姉のプライドを刺激され後に引けなくなった。
『姉ちゃん、尻デカすぎ』
『う、うっさい! 黙れ! 気にしてんだから!』
とまあ、そんなこんなで姉弟は尻を突きつけあって、便器を半分ずつシェアすることに。
『ほんとにあんたは昔から忙しないんだから』
『仕方ないだろ。腹が痛かったんだから』
『どうせ拾い食いでもしたんでしょ?』
『いやたぶん姉ちゃんが作った昼飯のせいだ』
言われて姉のこめかみに冷や汗が流れた。
今日は両親が不在なので、昼は自分が作った。
少々焦げたり、調味料を間違ったけれど。
特に不満を言われなかったので安心していた。
『何よ今更……残さず食べたじゃないの』
『そりゃ食うだろ。
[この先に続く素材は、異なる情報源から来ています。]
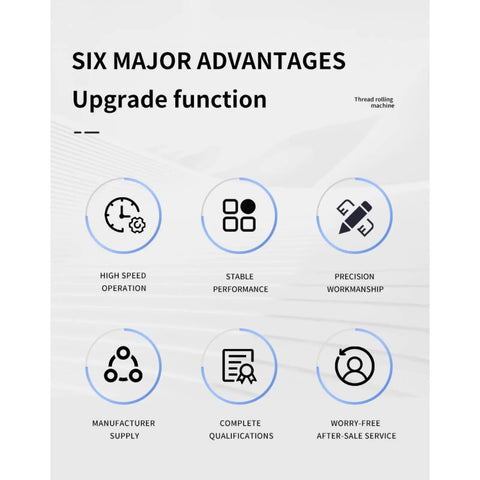 Beefy Thread Rolling Machine For Rebar And Steel Components, Heavy Duty Metal Thread Forming Equipment For Bolt Production And Construction Projects Today infographic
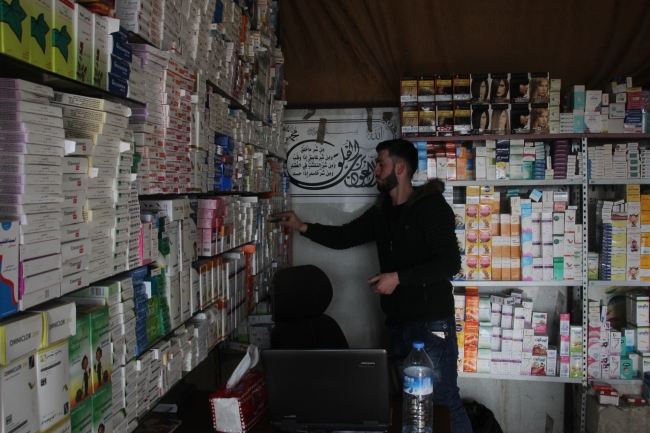 Hayatın normale döndüğü Afrin'de caddeler canlandı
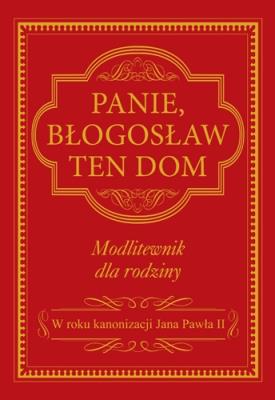Okładka książki Panie błogosław ten dom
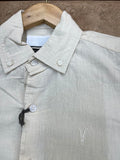 ALSNTS LINEN PLAIN SHIRT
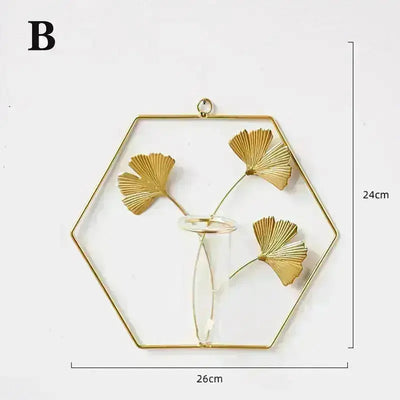 Hanging Wall Vase - HuxoHome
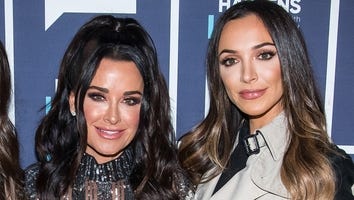Kyle Richards' Daughter Farrah Is Engaged to Businessman Alex Manos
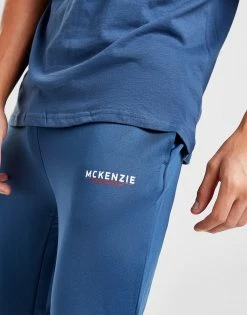 McKenzie Essential Poly Træningsbukser Dame Blå -Herretoj Salg jd 562049 d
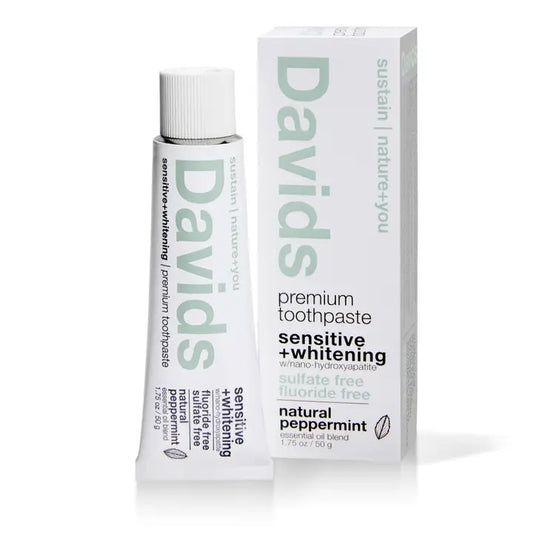 Davids Sensitive+Whitening Nano-Hydroxyapatite Premium Toothpaste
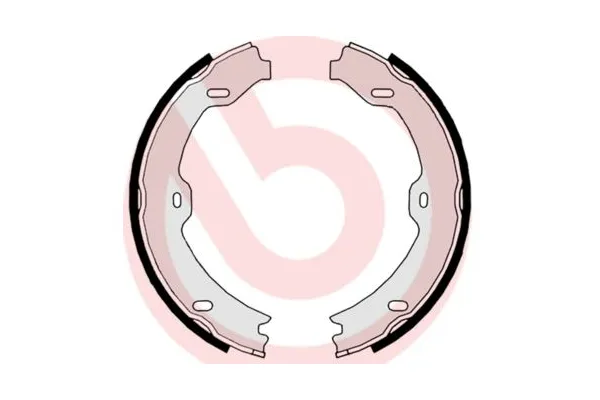 Fren Pabuçlu Balata Arka Mercedes CLS (BM 219)(06.2004->)  BREMBO S 50 519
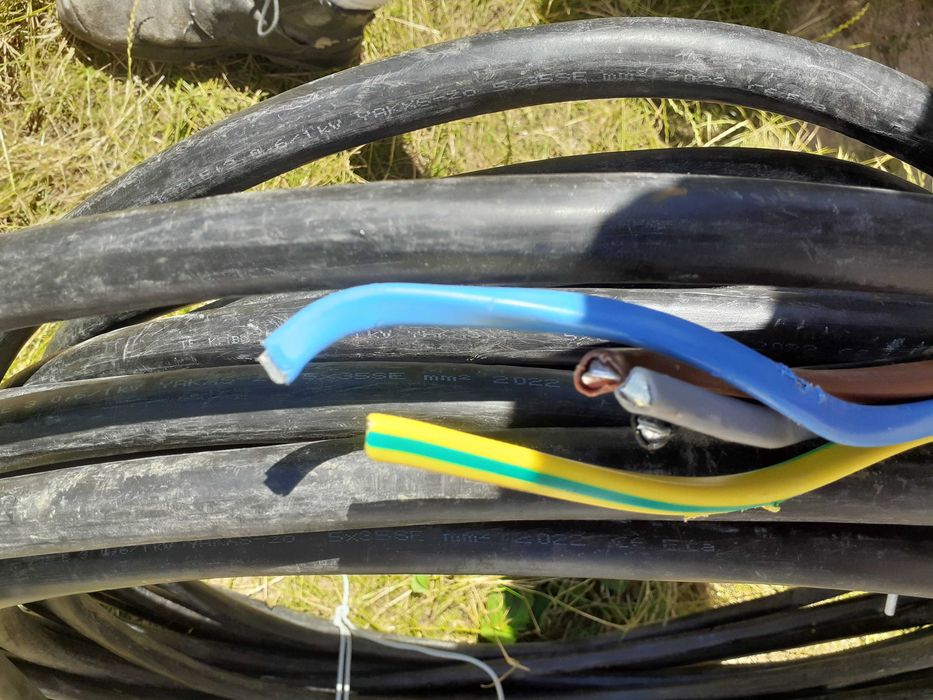 Kabel YAKXE-ŻO 5x35se mm² 30mb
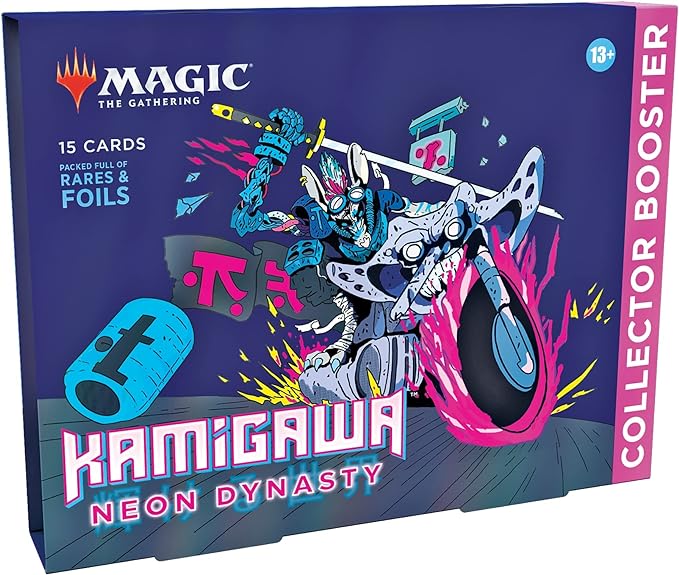 Magic the Gathering - Kamigawa: Neon Dynasty - Collector Booster Omega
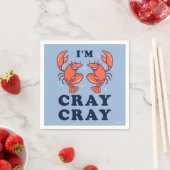 Serviette En Papier Cray Cray (En situation)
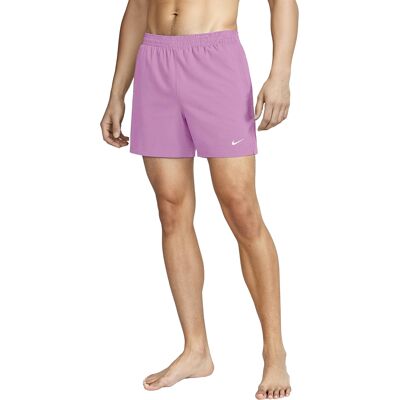 Nike Heren geborduurd logo zwembroek Regular (Magenta) M Nike Heren geborduurd logo zwembroek Regular (Magenta) M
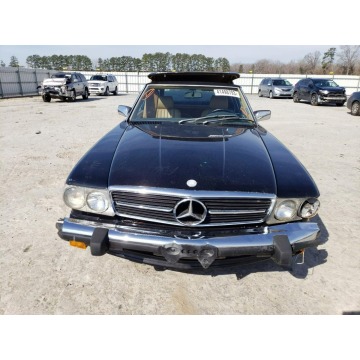 Mercedes - Benz SL-klasa  Kabriolet 1989,  5.6 benzyna, automat - Na sprzedaż za 16 605 zł - Katowice - zdjęcie 2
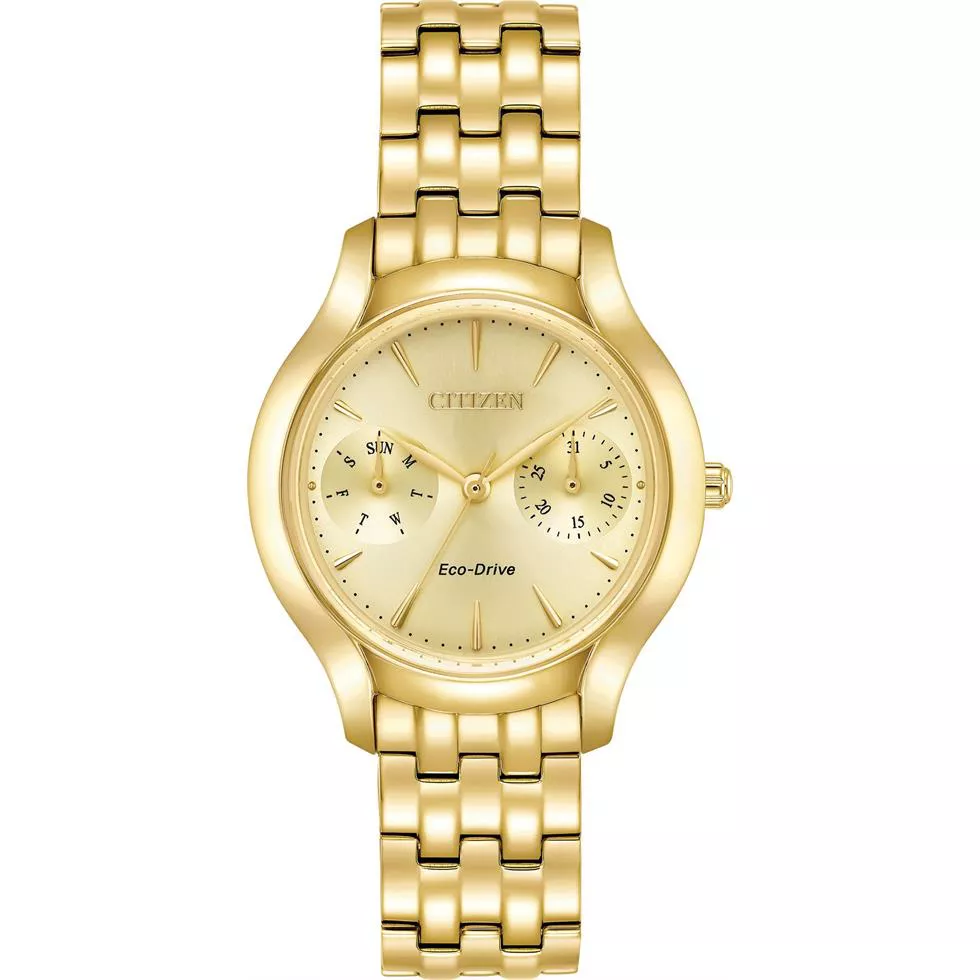 Citizen Silhouette Gold Women's Watch 32mm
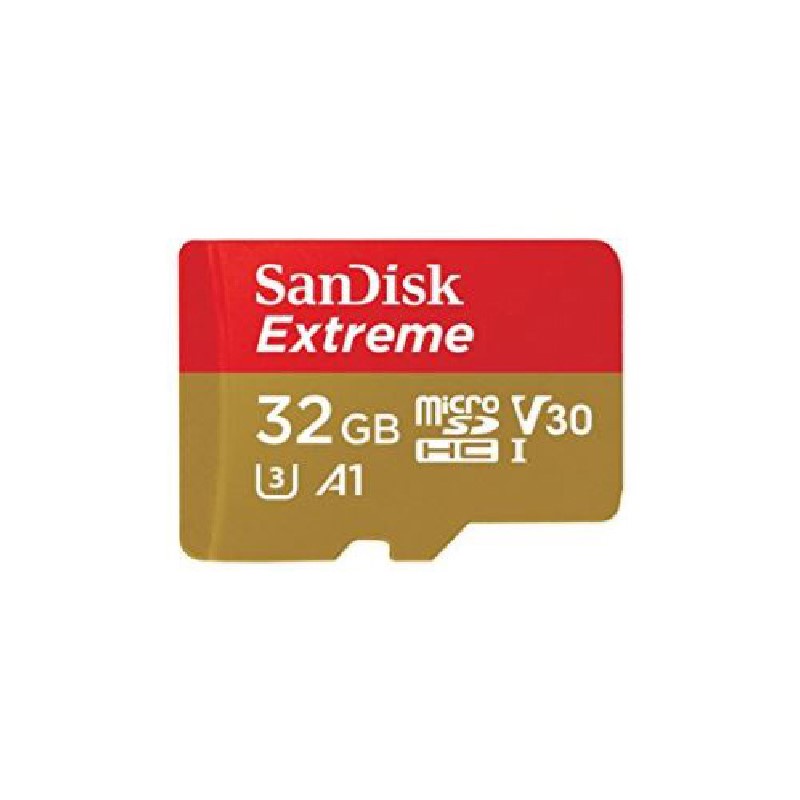 Micro SD SanDisk Extreme SDHC 32GB 100MB/s (SDSQXAF-032G-GN6MN)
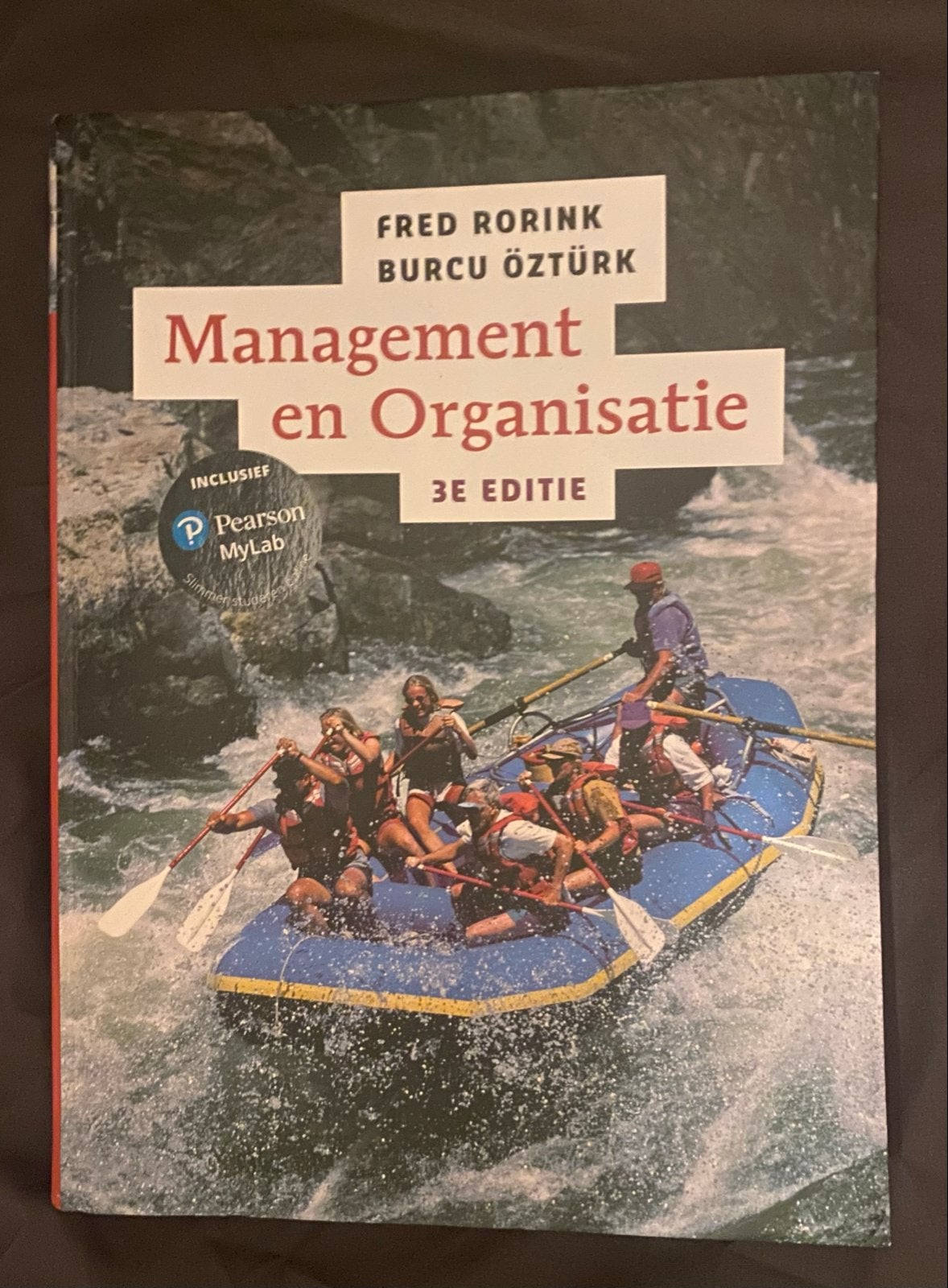 Management en Organisatie 3e editie - Zo goed als nieuw, Ophalen of Verzenden, Gamma, Zo goed als nieuw, HBO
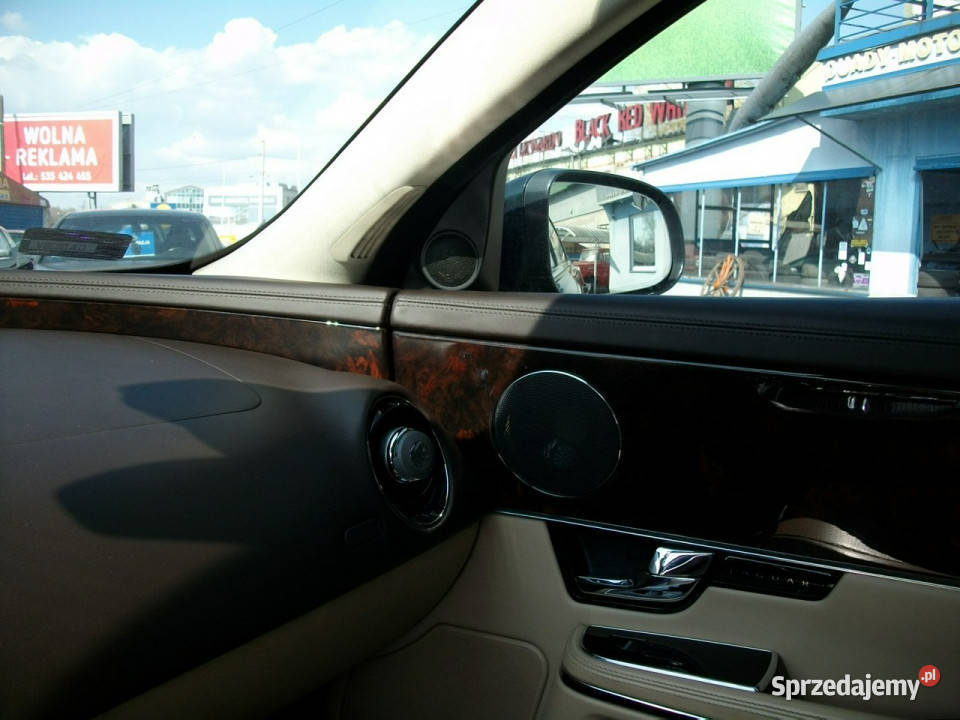 Jaguar XJ Jaguar XJ X351 2009 Katowice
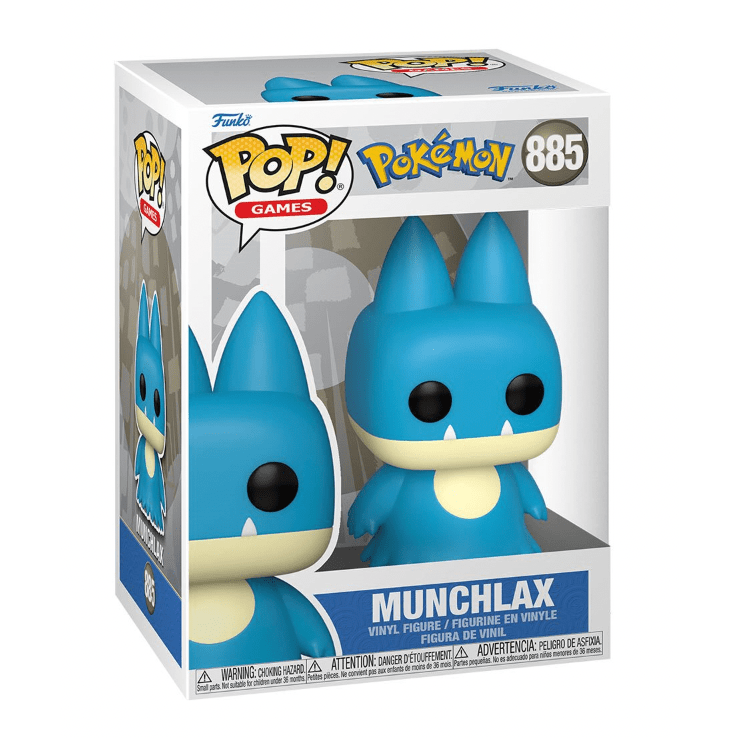 Official Pokemon Munchlax Plush Toy - Soft & Cuddly Collectible for Kids & Fans - Perfect for Gifts, Bedroom Decor, and Pokemon Themed Parties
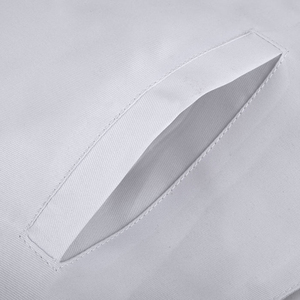 Delantal de Masón de Primera Calidad con Bordado de Hilos Plateados de la Logia Azul, con Pilares y Herramientas. Fabricante Confiable de Delantales Masónicos - Product Image 3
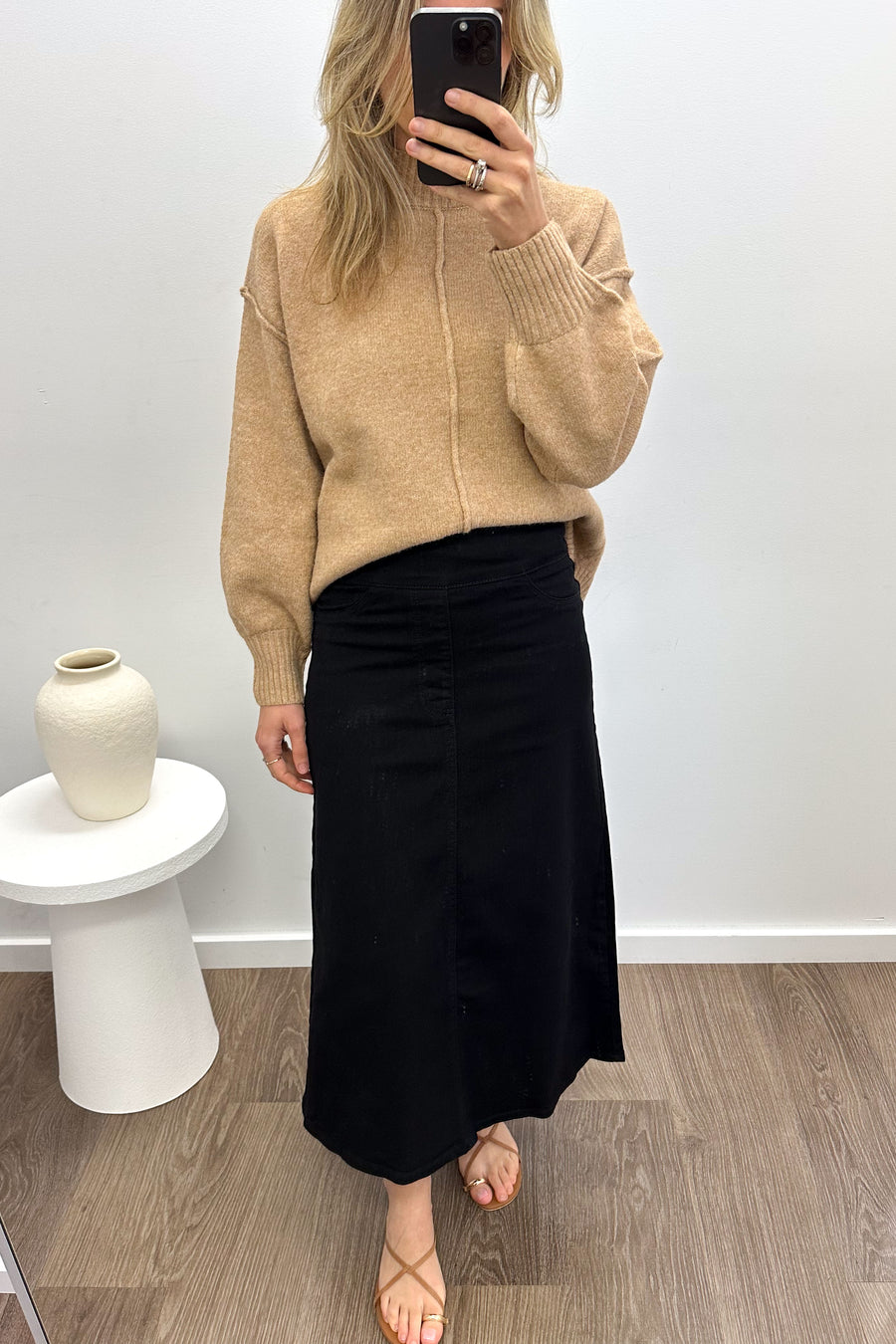 Black Denim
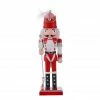 Budget 🌟 10" Red Soldier Collectible Nutcracker by Ashland® ⌛ -Christmas Shop 10699805 1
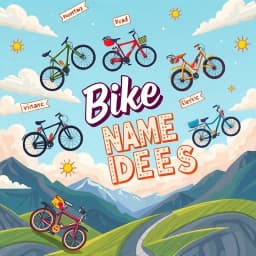 Bike Name Ideas Generator icon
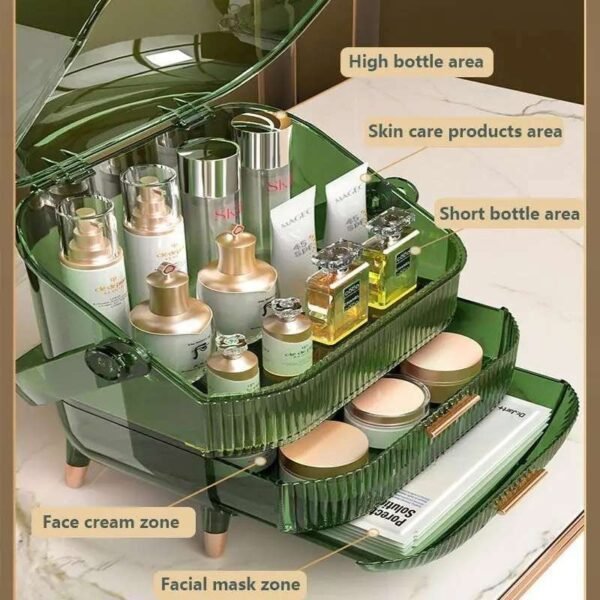 Dust & Water Proof Transparent Large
残すわけないっての』
『でもお腹壊すくらい不味かったんでしょ?』
『うん。すげー不味かった』
やっぱそうかー塩と砂糖間違えたもんな、と。
はっきり不味かったと言われてしょぼくれる姉に、背中合わせの弟は再びはっきりと告げた。
『でも食うよ。どんなに不味くても残さずに』
トイレに響く真摯な弟の声音にドキッとして。
思わぬ不意打ちを受けた姉は、頬に手を当て。
すっかり火照った身体を必死に落ち着かせた。